The advantages are that doctors know precisely what they are getting and can dose accordingly, and the drugs can be mass-produced.

On the other hand, since the virus is continually mutating, antibodies that were produced in a lab to fight an older version might not be as effective as recently-harvested plasma.

Was the authorization politicised?

The Food and Drug Administration (FDA) has previously issued emergency authorisations for antiviral remdesivir, after it was shown to have moderate efficacy against the coronavirus, and for the antimalarial drug hydroxychloroquine, which was subsequently reversed following safety concerns.

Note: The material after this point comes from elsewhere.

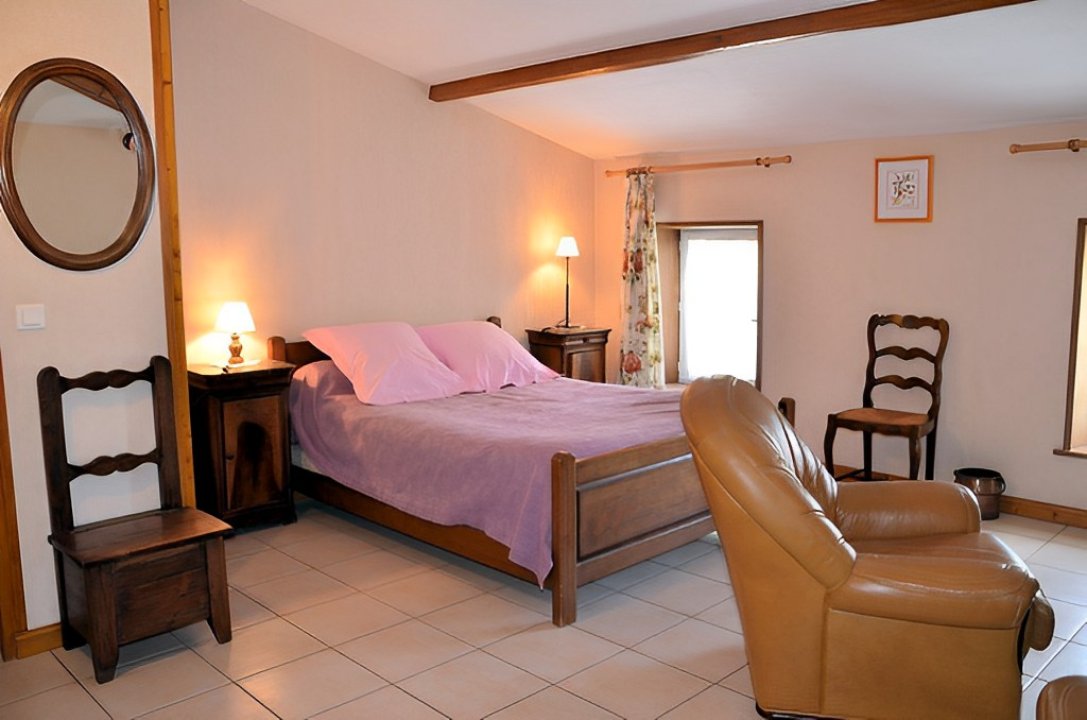 Chambres d'hôtes à la Ferme - Suite familiale et chambre à Arces en  Charente Maritime (17), Pays Royannais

Political commentators have questioned the timing of the FDA's latest move as Trump lags in polls before the November election.

Indeed, in making the announcement, both Trump and FDA Commissioner Stephen Hahn misrepresented a key statistic when they said that plasma reduced mortality rates by 35 percent.

FDA spokeswoman Emily Miller later clarified on Twitter that the figure referred to the relative reduction in mortality risk for people who received high-levels of antibodies in the Mayo Clinic study compared to those who received low-levels.

"It does undermine the credibility of the entire United States government and the administration but specifically these institutions," said Dr Matthew Heinz, a physician in Arizona who served in former president Barack Obama's health department.

But Dr Daniel Hanley, who directs Johns Hopkins' multisite clinical trials, said that early results had met the threshold for emergency approval. 

"One thing to emphasize is this information is coming in faster than it has in any other pandemic," he told AFP.